Does the United States need a bigger military? The charged debate over this question, with much of Congress, including Sen. John Kerry, on one side and the Bush administration on the other, has raged since the summer of 2003, when it became apparent that the U.S. military was destined for a significant stay in Iraq.
Over the past year, Defense Secretary Donald Rumsfeld has compromised somewhat, adding about 25,000 soldiers to the active-duty Army. That makes for roughly a 5 percent increase (Kerry would add 40,000 more troops.) But the Bush administration has resisted writing even its small increase into law—preferring to fund it with emergency war appropriations and to carry it out with “stop-loss” orders that prevent many soldiers from leaving the Army even when their tours of duty end.
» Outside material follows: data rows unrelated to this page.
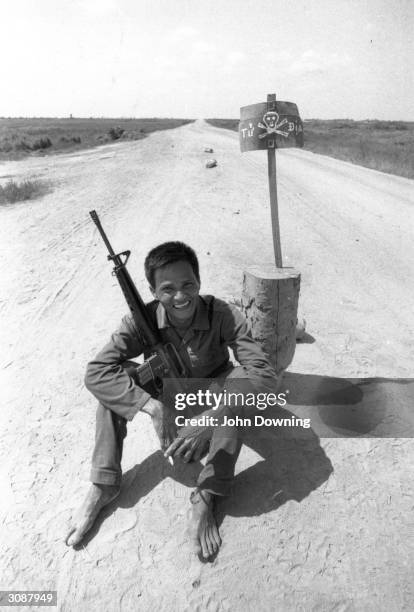 Vietnamese youth with a rifle during the Vietnam War.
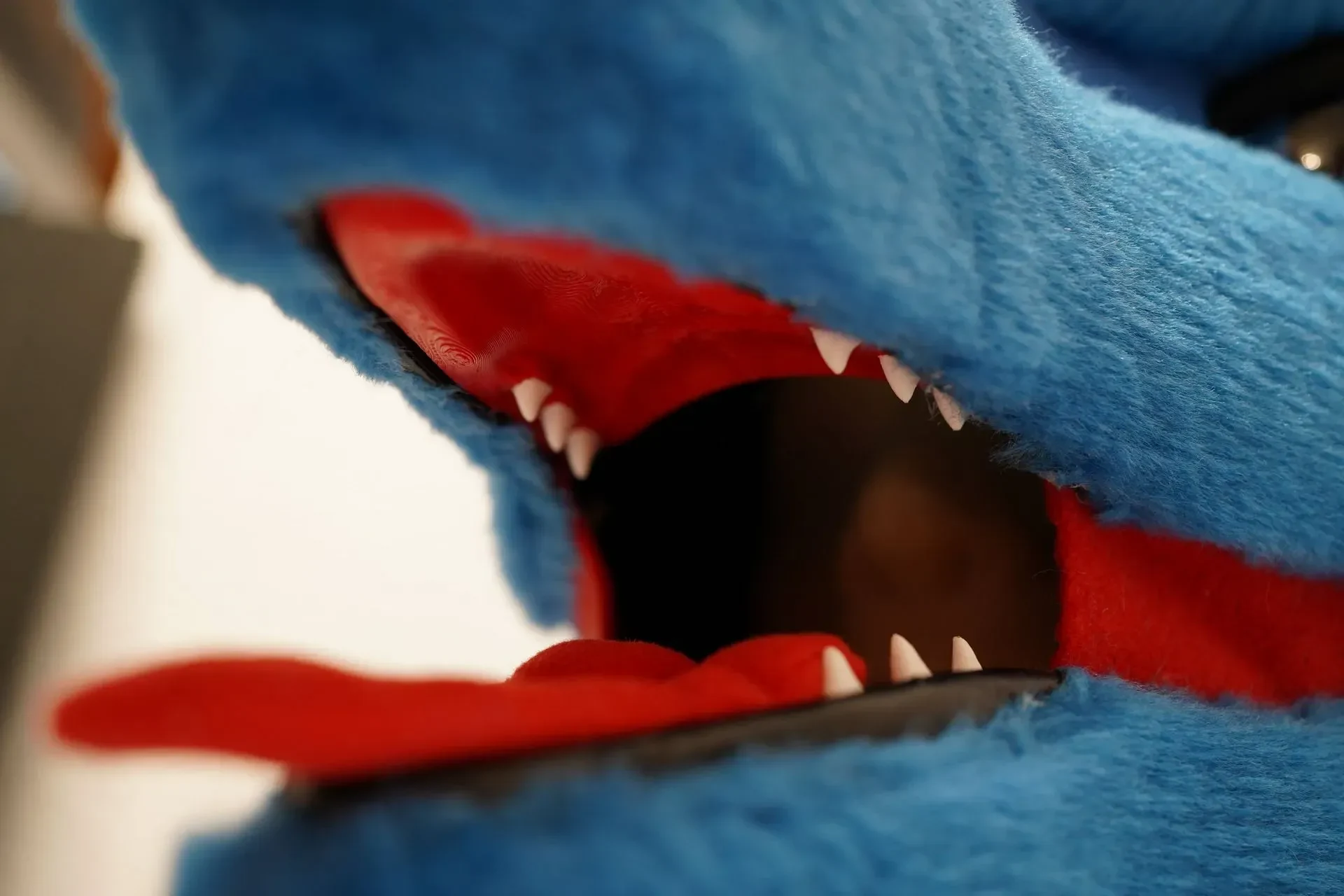 Closeup of the blue Sergal maw with a red tongue and white fangs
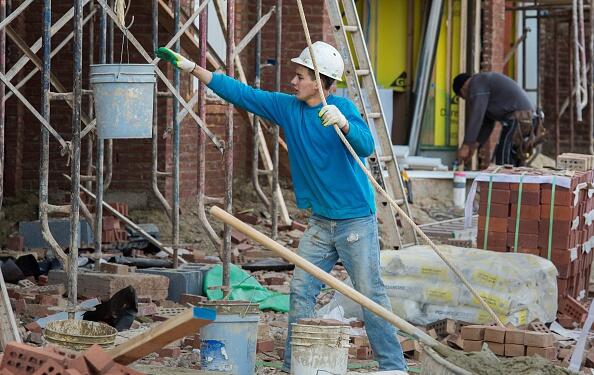 A brick mason assistant lifts heavy buckets of cement to the crew covering a new home in bricks in Ashburn, Virginia on January 2, 2015.  US spending on construction fell slightly in November from the previous month driven by a decline in non-residential building, but was higher from a year ago, the Commerce Department reported Friday. AFP Photo/PAUL J. RICHARDS        (Photo credit should read PAUL J. RICHARDS/AFP/Getty Images)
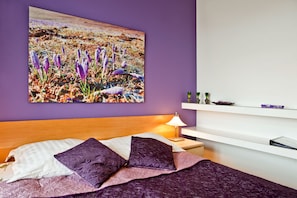 A bedroom with a bed, purple bedding, a nightstand, a lamp, a white shelf with decorative items, and a wall-mounted painting of flowers. - 4Seasons Apartments Cracow (Kraków)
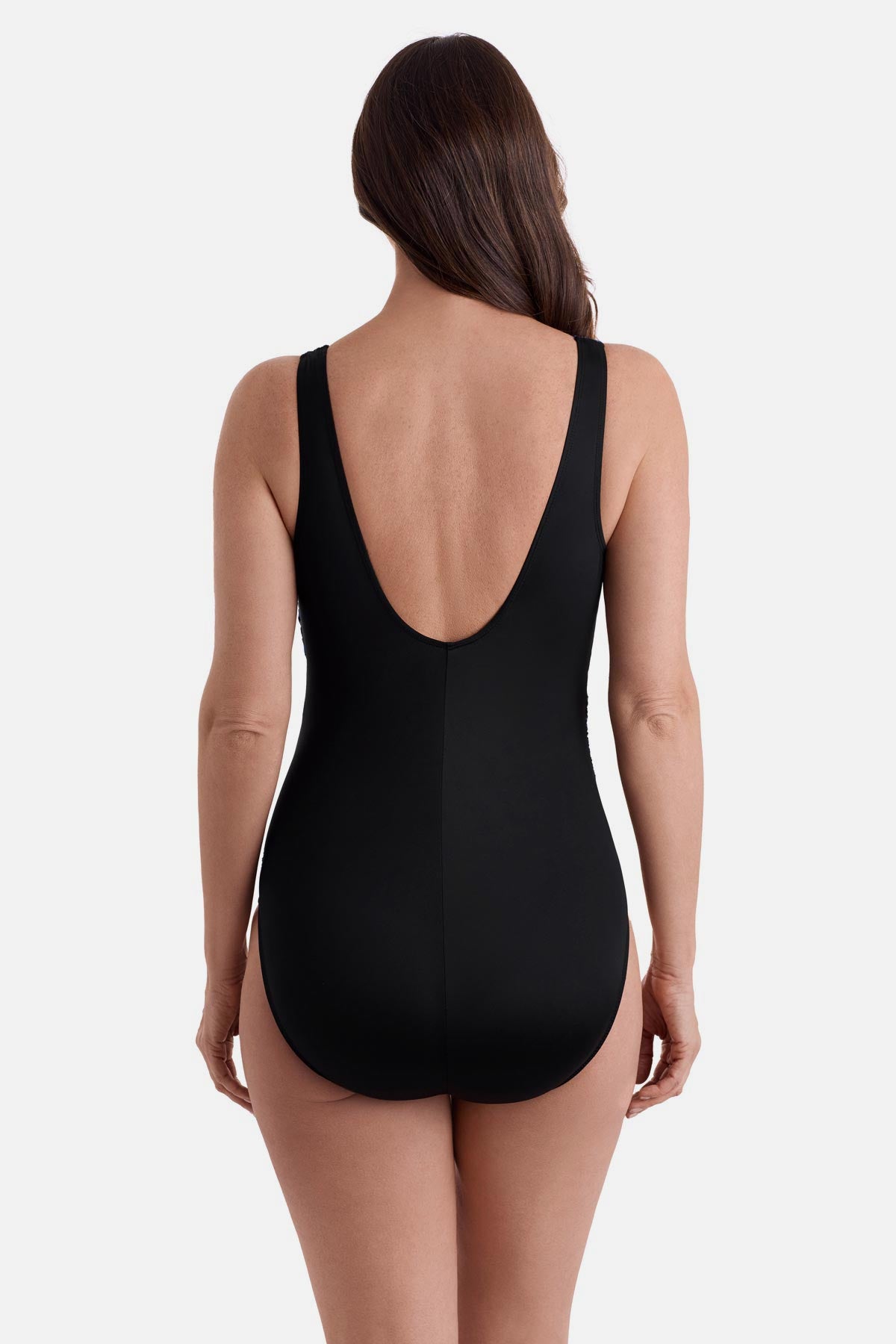 Woman turned away wearing a one-piece swimsuit
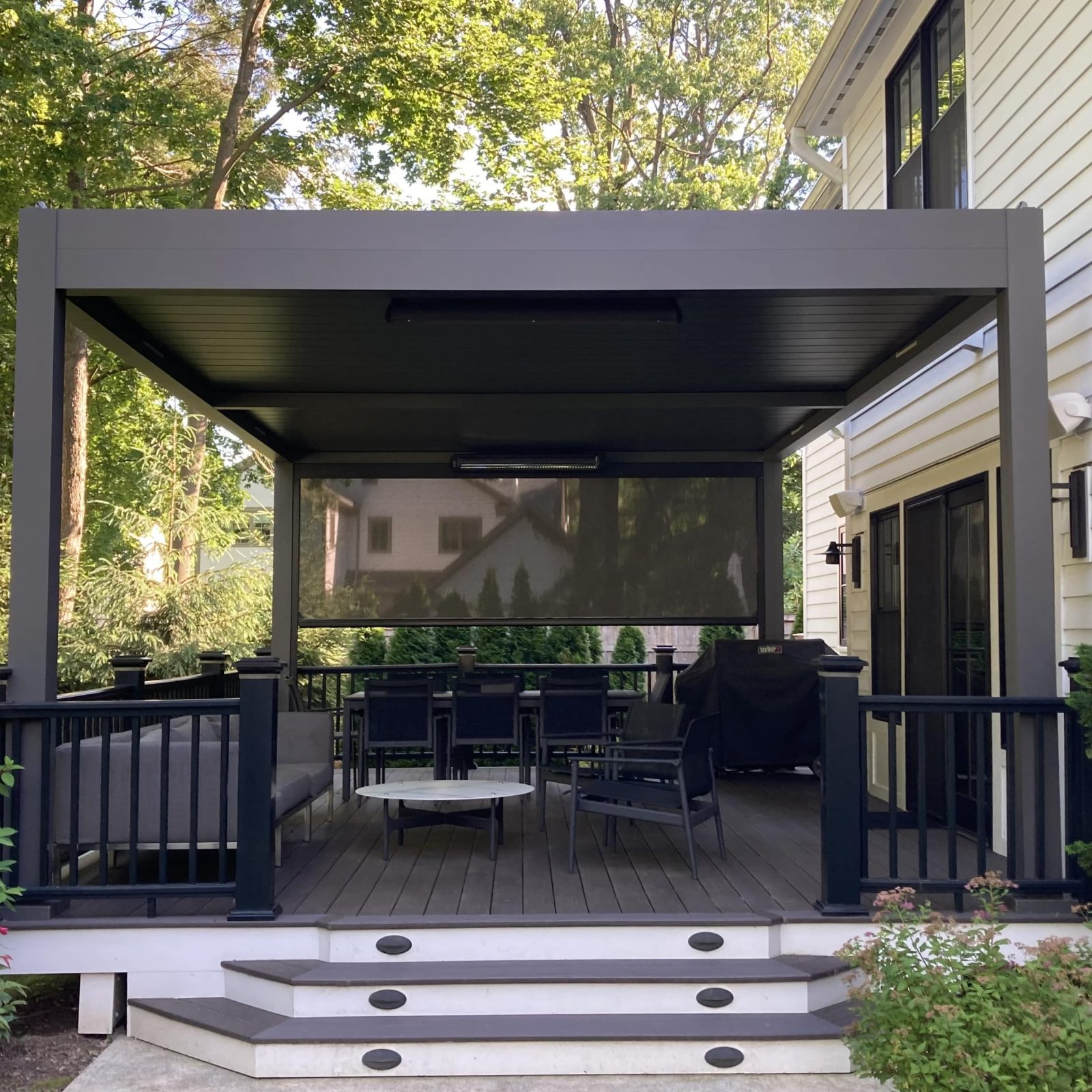 Motorized louvered pergola with smart controlled adjustable louvers and MagnaTrack motorized screens. Available from the best Pergola Installer in Bellevue.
Who is right, and where should we go from here? Any assessment must begin with several key facts:
- No crisis in Army or Marine Corps recruiting and retention has developed, at least not yet. American military personnel are displaying remarkable perseverance, patriotism and commitment, and are signing up for service in generally adequate numbers.
- That said, the Army National Guard was about 5,000 soldiers short of its 2004 recruiting goals, mostly because it failed miserably to attract former active-duty soldiers into its ranks in the usual numbers. With an average of 150,000 Army National Guard and Reserve personnel activated at any given time since Sept. 11, 2001, and 55,000 in Iraq today, joining the Guard is no longer a good way to stay involved in the military while also being able to stay home.
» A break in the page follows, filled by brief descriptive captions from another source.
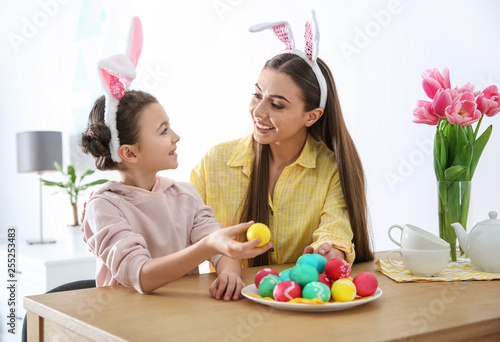 Mother and daughter with bunny ears headbands and painted Easter eggs at home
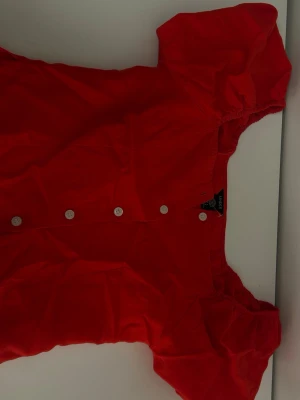 Röd blus med puffärm från Lindex - Snygg röd blus från Lindex med puffiga korta ärmar och vita knappar framtill. Tillverkad i ett lätt tyg som känns skönt mot huden. Perfekt för dig som vill ha en färgstark och trendig look❤️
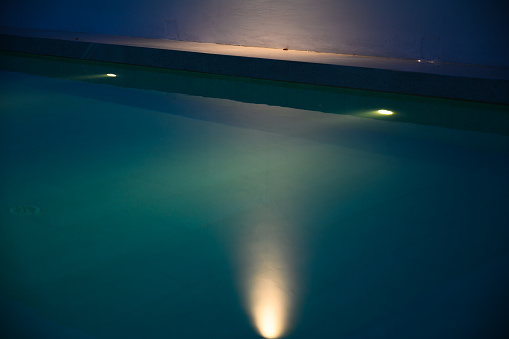 Modern swimming pool for family lifestyle at night. Pool lighting design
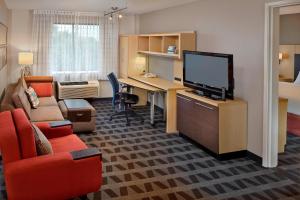 a living room with a desk and a television in a room at TownePlace Suites by Marriott Albany Downtown/Medical Center in Albany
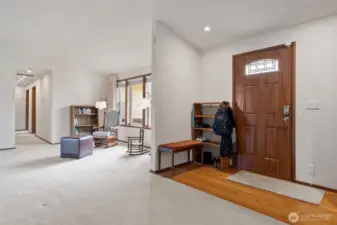Welcoming entry with real hardwood floors opens to the living room.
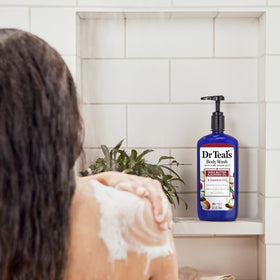 Dr Teal's body wash being poured on loofah to show buildable lather and easy application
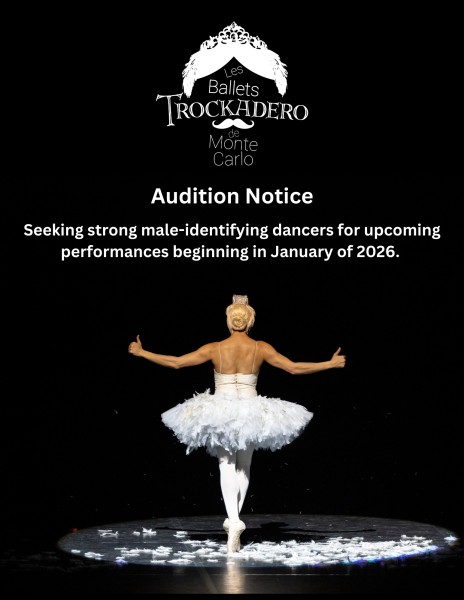 Dancer in a white tutu gives a thumbs up with text and Trocks logo above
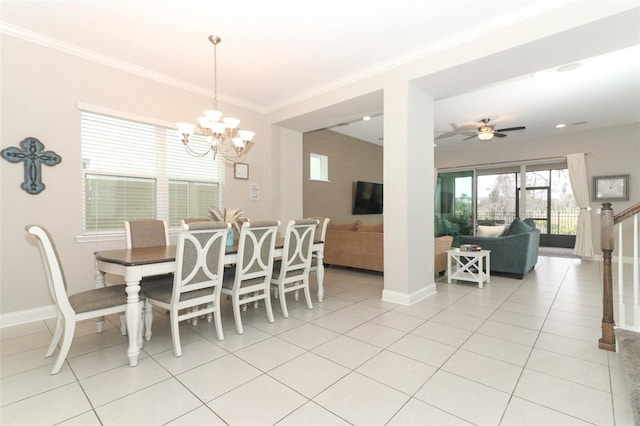 dining space featuring baseboards, ornamental molding, and light tile patterned flooring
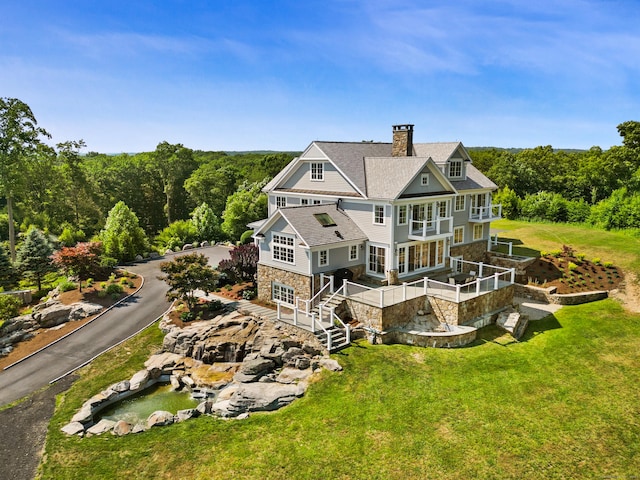 29 Rogues Rdg, Weston, CT 06883 - back of property with stone siding, a chimney, a yard, a shingled roof, and a balcony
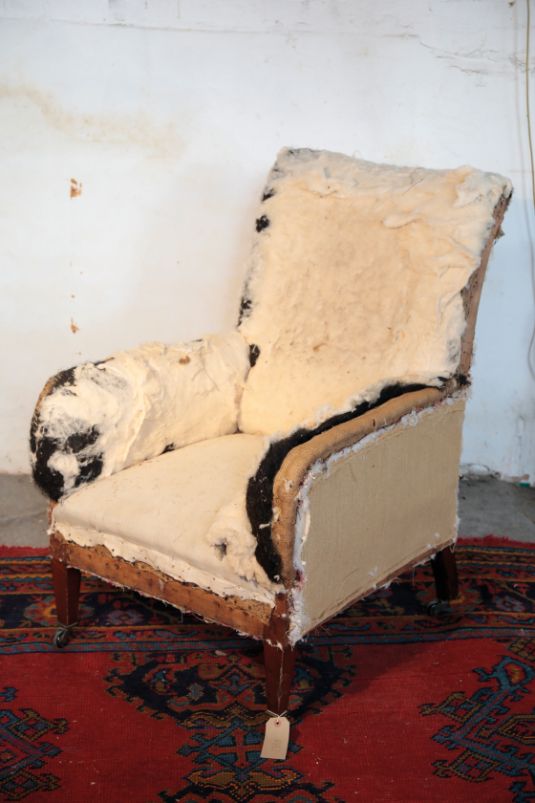 A VICTORIAN UPHOLSTERED ARMCHAIR,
- U.S. forces in Iraq still number about 140,000. That is almost equal to their peak number there in the spring of 2003; it is 25,000 more than last winter and at least three times the number Pentagon planners expected for this phase of the operation. The Army, which is providing about 80 percent of the total, is making plans to keep its deployed strength near that level for several more years if necessary.
- All of the Army’s active-duty combat brigades were deployed overseas to a combat zone in 2003 or 2004, some of them twice. All will have to go back again. In fact, the average unit could have to deploy to Iraq or Afghanistan two more times in the next presidential term if the Army’s current planning assumptions prove correct.
- Already, the 3rd Infantry Division, which constituted most of the left pincer of last year’s invasion force, has received orders to return to Iraq this winter. The 1st Marine Division, which provided most of the right pincer, is of course already back in Iraq — soon to be relieved by the 2nd Marine Division, which in recent years has sent units to Afghanistan and Haiti.
- The soldiers of the 2nd Brigade of the 2nd Infantry Division, who spent most of the past year in South Korea, are now to spend another year away from their families, in Iraq.
Taking all this together suggests that there is a crisis in today’s ground forces—but a crisis of fairness rather than numbers. We are, so far, able to sustain our deployments in Afghanistan and Iraq—but only by badly overworking our current contingents of soldiers and Marines. And ideas being considered to address this problem, such as deploying Army troops for tours that are half as long but twice as frequent, will not change the basic obstacle.
In previous wars in modern times, the United States has typically sent soldiers abroad for no more than one tough, dangerous year and then let them come home for good. Now it is, as a matter of cold and calculated policy, planning to send the same people back to combat zones every other year as far as the eye can see.
There is no way around it: The United States will have to ask a great deal of its ground forces as long as it stays in Iraq and Afghanistan. Recruiting and training more troops takes time—which is why Rumsfeld and Gen. Peter Schoomaker, the Army chief of staff, were mistaken to oppose a larger military last year when warning signs of a long presence in Iraq already abounded.
That said, it is not too late to ameliorate the situation. Indeed, policymakers should consider a further increase in U.S. ground forces even larger than the 40,000 additional soldiers Kerry recommends.
Rumsfeld and Schoomaker argue that any legislated increase in the Army would be difficult to reverse when the additional troops were no longer needed. They further worry that by driving up personnel costs, it could deprive the Army of funding needed to modernize its force structure. But Congress will surely fund defense robustly as long as the large-scale missions in Iraq and Afghanistan continue. And if we someday no longer need a larger Army, we can scale it back. After the Cold War, the United States reduced its Army by 300,000 soldiers; certainly it could administer a reduction one-fifth or one-sixth as large in the future.
No nation can ever truly repay its uniformed men and women who risk, and sometimes lose, their lives for their country. But the United States should do its utmost to be fair to them. It need not and must not ask a small group of dedicated professionals to become strangers to their own families and their own country in the course of waging a war that, for better or worse, we are all engaged in now.